* [The problem]: Only one portion of the data is to be written out: from the line bearing "IM IM LS6 — миниатюра 2" through the line bearing "1997-ford-f250-image-40". Write it exactly as it appears.

* [Exercise materials]:
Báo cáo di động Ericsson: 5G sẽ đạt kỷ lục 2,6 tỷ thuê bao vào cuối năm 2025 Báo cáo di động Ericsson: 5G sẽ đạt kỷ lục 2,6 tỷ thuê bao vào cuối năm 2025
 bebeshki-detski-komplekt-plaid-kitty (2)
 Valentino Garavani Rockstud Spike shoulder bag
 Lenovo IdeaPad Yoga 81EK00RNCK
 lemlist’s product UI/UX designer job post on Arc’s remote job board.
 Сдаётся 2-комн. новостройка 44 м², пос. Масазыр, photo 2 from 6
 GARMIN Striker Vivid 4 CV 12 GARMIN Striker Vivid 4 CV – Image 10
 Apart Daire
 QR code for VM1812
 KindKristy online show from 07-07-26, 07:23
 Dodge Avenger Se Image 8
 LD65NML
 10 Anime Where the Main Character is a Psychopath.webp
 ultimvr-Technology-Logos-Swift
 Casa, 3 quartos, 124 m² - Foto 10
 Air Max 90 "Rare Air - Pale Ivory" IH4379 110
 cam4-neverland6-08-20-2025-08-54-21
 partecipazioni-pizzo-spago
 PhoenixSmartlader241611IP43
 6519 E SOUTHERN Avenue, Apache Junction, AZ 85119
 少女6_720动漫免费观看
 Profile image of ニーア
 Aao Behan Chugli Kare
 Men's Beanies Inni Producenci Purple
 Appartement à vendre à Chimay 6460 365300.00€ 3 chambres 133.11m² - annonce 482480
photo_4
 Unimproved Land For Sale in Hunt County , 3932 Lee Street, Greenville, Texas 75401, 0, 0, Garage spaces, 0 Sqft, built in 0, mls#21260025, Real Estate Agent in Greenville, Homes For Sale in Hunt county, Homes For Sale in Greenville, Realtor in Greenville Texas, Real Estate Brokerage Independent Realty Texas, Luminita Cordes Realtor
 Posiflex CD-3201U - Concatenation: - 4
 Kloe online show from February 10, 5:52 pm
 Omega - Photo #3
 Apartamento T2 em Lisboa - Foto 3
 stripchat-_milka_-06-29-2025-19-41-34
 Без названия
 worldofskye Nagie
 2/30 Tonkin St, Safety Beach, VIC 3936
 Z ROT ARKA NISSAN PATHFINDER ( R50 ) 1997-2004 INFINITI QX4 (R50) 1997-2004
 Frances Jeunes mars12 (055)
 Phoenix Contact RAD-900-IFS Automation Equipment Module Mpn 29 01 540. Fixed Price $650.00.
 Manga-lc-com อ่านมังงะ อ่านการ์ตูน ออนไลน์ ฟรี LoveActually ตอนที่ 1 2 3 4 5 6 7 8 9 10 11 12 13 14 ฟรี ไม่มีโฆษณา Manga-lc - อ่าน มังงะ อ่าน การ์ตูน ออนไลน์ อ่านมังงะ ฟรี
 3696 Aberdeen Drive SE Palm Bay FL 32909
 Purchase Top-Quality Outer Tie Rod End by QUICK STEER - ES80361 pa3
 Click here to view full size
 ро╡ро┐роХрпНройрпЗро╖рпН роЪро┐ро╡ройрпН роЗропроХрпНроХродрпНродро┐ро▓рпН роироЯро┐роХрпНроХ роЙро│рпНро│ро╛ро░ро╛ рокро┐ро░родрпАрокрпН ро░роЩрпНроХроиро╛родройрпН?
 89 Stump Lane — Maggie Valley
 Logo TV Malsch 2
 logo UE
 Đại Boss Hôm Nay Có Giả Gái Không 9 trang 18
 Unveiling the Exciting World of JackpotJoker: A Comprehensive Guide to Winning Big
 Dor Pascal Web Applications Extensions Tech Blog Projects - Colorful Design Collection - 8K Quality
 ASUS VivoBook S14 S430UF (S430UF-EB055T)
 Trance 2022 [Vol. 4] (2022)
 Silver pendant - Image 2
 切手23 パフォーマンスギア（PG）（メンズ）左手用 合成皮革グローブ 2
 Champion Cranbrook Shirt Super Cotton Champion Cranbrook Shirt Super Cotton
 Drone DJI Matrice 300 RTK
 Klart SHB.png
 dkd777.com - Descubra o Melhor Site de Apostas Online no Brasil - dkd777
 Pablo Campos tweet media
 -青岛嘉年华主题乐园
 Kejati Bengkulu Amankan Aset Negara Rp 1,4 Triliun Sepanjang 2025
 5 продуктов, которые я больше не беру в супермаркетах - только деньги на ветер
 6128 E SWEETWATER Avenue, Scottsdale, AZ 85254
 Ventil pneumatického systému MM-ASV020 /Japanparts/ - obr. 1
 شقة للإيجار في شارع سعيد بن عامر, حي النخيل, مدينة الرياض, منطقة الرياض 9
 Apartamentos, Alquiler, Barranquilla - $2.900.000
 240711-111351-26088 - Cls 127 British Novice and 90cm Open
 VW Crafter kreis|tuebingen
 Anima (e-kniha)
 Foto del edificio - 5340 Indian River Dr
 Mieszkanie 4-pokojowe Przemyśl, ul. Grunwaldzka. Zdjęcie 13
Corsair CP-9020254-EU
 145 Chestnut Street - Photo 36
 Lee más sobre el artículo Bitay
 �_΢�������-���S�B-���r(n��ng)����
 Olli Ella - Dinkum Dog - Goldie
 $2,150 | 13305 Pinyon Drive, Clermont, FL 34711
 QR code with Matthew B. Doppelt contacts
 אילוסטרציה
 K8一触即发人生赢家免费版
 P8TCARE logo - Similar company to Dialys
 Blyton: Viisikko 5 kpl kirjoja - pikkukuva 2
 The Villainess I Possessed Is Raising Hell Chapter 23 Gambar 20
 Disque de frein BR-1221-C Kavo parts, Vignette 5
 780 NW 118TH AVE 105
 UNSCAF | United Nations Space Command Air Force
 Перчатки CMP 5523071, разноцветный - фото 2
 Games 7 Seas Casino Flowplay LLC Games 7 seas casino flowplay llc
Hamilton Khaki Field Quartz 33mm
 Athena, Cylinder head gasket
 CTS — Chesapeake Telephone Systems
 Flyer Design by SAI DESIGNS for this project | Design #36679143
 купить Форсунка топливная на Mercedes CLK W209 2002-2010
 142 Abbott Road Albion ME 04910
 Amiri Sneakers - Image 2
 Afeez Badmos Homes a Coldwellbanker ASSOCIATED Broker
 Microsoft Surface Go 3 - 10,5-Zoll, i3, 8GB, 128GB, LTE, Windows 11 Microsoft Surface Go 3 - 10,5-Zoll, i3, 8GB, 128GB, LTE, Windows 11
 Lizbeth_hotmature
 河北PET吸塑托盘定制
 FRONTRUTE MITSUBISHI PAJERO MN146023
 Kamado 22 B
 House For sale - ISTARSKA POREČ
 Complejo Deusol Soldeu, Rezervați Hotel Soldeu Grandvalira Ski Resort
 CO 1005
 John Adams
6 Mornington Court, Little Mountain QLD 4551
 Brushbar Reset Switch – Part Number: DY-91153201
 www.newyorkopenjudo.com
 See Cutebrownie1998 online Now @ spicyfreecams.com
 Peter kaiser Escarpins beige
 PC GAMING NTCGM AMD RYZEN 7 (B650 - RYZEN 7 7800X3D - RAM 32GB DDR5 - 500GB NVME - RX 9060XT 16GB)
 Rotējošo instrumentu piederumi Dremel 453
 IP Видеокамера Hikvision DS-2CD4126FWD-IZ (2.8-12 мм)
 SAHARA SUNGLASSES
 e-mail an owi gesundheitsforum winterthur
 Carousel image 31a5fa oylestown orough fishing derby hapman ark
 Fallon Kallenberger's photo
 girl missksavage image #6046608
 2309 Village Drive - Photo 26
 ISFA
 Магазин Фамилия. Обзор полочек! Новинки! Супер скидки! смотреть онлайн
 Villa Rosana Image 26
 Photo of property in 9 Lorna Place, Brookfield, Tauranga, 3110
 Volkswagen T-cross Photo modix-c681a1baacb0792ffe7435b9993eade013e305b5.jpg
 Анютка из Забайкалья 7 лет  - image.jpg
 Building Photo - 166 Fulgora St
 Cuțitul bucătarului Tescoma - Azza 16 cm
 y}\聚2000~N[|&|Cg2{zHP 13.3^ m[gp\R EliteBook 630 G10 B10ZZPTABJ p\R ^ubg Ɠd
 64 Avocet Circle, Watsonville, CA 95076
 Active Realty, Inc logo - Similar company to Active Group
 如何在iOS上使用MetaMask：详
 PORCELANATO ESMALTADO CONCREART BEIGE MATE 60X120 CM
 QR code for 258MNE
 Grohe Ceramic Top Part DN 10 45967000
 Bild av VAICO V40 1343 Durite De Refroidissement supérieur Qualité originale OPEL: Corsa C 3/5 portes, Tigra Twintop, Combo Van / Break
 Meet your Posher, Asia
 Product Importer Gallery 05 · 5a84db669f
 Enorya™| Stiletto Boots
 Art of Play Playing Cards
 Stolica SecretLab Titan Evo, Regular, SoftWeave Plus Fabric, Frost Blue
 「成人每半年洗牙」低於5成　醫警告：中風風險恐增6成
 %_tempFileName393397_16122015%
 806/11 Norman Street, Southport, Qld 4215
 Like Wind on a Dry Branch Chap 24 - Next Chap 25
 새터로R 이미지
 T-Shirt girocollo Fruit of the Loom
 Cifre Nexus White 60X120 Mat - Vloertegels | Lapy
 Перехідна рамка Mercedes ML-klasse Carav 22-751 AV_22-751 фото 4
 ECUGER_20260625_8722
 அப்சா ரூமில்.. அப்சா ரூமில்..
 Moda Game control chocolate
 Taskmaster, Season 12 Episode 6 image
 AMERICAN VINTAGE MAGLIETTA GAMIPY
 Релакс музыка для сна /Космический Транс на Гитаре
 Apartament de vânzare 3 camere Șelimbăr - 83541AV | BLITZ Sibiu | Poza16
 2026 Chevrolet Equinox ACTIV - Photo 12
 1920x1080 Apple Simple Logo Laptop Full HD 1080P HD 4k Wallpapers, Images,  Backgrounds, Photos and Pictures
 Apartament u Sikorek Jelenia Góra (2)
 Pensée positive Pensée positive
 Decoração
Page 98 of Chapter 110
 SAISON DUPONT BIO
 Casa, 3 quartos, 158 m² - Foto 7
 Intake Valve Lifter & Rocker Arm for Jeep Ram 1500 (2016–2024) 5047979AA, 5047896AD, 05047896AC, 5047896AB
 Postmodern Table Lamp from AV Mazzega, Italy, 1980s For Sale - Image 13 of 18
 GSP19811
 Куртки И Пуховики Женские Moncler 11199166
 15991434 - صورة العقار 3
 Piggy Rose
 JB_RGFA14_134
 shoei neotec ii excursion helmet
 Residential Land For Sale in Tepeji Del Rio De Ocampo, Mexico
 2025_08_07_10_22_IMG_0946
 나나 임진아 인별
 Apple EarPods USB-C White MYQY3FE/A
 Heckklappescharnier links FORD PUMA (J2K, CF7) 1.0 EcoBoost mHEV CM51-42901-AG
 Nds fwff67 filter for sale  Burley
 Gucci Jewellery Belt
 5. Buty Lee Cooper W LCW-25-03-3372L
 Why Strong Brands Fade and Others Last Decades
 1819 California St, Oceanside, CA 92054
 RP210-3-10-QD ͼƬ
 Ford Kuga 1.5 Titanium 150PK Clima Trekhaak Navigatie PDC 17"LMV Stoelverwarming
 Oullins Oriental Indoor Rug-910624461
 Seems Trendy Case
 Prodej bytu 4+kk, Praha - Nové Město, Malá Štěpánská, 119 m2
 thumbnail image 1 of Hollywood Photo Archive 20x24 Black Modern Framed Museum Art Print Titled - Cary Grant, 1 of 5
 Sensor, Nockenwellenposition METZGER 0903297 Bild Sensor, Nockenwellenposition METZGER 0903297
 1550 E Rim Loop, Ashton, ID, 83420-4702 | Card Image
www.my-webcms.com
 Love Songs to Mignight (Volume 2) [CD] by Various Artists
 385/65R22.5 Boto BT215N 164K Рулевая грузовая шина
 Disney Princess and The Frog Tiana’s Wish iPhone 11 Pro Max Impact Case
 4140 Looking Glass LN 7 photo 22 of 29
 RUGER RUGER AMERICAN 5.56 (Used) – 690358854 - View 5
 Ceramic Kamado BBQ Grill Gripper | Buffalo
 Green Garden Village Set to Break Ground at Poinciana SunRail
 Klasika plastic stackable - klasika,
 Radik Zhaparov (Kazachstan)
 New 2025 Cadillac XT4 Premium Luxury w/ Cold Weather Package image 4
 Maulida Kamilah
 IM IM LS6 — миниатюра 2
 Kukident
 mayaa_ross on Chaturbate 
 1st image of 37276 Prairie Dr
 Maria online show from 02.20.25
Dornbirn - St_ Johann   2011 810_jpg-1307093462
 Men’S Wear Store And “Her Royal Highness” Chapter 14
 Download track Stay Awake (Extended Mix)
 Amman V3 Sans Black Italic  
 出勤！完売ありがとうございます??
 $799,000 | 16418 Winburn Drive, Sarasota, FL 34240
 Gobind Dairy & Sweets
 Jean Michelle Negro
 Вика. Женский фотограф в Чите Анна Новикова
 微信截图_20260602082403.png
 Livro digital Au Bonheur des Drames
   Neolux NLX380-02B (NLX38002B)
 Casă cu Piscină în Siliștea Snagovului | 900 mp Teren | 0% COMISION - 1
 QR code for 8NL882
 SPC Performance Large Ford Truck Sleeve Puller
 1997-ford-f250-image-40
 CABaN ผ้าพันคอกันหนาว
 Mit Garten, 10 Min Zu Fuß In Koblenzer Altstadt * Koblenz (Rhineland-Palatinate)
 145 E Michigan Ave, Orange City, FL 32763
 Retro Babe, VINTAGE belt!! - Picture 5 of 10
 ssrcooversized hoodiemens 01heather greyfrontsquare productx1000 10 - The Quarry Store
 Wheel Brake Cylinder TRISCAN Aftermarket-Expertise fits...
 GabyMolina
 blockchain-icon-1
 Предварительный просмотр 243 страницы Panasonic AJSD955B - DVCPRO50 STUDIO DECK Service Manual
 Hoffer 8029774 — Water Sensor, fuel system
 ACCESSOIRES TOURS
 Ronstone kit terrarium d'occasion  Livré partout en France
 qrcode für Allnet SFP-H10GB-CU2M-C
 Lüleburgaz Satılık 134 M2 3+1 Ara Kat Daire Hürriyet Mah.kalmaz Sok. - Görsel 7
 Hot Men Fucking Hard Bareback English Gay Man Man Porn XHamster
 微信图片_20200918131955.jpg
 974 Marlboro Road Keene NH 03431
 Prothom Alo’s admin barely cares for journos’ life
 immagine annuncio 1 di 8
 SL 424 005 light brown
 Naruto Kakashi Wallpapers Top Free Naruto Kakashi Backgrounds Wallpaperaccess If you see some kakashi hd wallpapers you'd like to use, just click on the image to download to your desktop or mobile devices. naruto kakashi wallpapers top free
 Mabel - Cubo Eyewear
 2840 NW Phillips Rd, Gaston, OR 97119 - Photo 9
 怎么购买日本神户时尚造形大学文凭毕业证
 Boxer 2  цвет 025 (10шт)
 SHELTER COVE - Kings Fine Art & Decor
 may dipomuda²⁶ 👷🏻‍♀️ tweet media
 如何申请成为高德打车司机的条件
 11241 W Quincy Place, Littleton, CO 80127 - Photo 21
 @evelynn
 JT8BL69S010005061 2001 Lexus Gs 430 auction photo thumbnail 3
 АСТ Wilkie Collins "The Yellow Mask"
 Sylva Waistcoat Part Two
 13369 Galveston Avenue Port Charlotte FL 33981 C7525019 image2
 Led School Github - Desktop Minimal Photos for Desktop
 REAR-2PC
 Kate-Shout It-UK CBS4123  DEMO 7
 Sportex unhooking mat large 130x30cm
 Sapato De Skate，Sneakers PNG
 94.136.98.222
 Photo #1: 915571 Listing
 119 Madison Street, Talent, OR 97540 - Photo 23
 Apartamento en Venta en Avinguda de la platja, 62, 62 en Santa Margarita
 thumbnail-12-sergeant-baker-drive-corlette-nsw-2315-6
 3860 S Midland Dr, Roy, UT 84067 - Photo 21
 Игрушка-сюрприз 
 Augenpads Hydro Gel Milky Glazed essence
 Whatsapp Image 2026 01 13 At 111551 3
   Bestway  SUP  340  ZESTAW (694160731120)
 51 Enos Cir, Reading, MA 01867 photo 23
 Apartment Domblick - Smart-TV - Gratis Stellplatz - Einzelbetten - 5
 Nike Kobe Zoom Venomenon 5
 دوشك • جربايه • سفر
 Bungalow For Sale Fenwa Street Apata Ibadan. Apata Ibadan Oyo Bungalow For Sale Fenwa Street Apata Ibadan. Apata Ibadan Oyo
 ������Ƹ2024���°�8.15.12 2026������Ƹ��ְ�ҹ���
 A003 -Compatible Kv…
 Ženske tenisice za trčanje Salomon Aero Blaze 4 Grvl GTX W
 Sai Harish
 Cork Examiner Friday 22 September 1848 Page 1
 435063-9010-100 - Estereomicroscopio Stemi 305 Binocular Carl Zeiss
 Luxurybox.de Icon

* [Answer space]:
 IM IM LS6 — миниатюра 2
 Kukident
 mayaa_ross on Chaturbate 
 1st image of 37276 Prairie Dr
 Maria online show from 02.20.25
Dornbirn - St_ Johann   2011 810_jpg-1307093462
 Men’S Wear Store And “Her Royal Highness” Chapter 14
 Download track Stay Awake (Extended Mix)
 Amman V3 Sans Black Italic  
 出勤！完売ありがとうございます??
 $799,000 | 16418 Winburn Drive, Sarasota, FL 34240
 Gobind Dairy & Sweets
 Jean Michelle Negro
 Вика. Женский фотограф в Чите Анна Новикова
 微信截图_20260602082403.png
 Livro digital Au Bonheur des Drames
   Neolux NLX380-02B (NLX38002B)
 Casă cu Piscină în Siliștea Snagovului | 900 mp Teren | 0% COMISION - 1
 QR code for 8NL882
 SPC Performance Large Ford Truck Sleeve Puller
 1997-ford-f250-image-40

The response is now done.